Overall, the stability of pupil diameter, as assessed via a low-cost eye tracker, suggests that the equipment can be sensitive not only to changes within an individual but also able to differentiate across individuals. However, it is important to note that these results were obtained using pixel data that was converted to mm based upon an individual’s interpupillary distance and not the system’s provided mm data. Although devices to measure interpupillary distance are also inexpensive it does add an extra step in data collection and processing. It also suggests that the mm data obtained directly from the Gazepoint software may not be reliable. Therefore, future studies might consider using the same process of converting pixel data into mm data manually, rather than performing analyses using the given mm data.

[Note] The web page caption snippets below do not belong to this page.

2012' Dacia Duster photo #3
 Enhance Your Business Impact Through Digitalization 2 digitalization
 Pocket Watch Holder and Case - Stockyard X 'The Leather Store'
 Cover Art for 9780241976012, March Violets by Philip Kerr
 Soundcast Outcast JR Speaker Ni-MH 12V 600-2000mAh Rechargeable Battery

The findings of this study ought to be encouraging. The ability to reliably capture pupil diameter using low-cost eye trackers suggests that these new low cost systems may be incorporated into a broader range of cognitive research. Pupil diameter has become a widely used physiological measure of cognitive information, such as intelligence [3], and working memory capacity fluctuations [2]. The ability to reliably capture this data using low-cost systems, rather than something more expensive and uncomfortable, such as an electroencephalography or electrocardiogram, should persuade more researchers to opt for this low cost alternative.